La Cour suprême n’est pas d’accord. Selon elle, cette position de l’assureur, si elle était retenue par la Cour, priverait les assurés du droit de bénéficier de la garantie d’assurance qu’ils ont acheté, et irait à l’encontre de l’objectif d’une police d’assurance-chantier. Cela pourrait même avoir pour effet de paralyser les chantiers de construction en plein milieu des travaux, le temps que les différents intervenants se poursuivent en justice entre eux pour déterminer qui doit payer pour certains travaux correctifs.

Donc, la Cour dit que cette police d’assurance-chantier couvre aussi le coût requis pour réparer la faute du sous-traitant, donc le coût du remplacement des fenêtres.

Par contre, bien évidemment, l’exclusion mentionnée dans la police d’assurance empêche l’entrepreneur général et le sous-traitant de réclamer le coût pour recommencer le travail mal fait.

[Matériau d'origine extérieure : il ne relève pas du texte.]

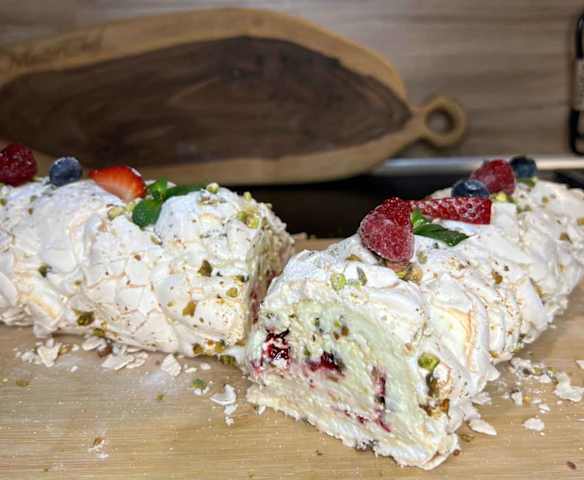 Ruladă Pavlova cu fistic și zmeură ~ Ioana Păcurar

Ainsi, l’entrepreneur général devra éventuellement faire nettoyer les nouvelles fenêtres, qui se saliront au fil de l’avancement des travaux. Les nouveaux coûts de nettoyage ne sont pas couverts, peu importe qui s’en charge. Il reste à voir s’il fera confiance au même sous-traitant… qui lui, serait mal avisé de réclamer le coût pour recommencer son propre travail mal fait!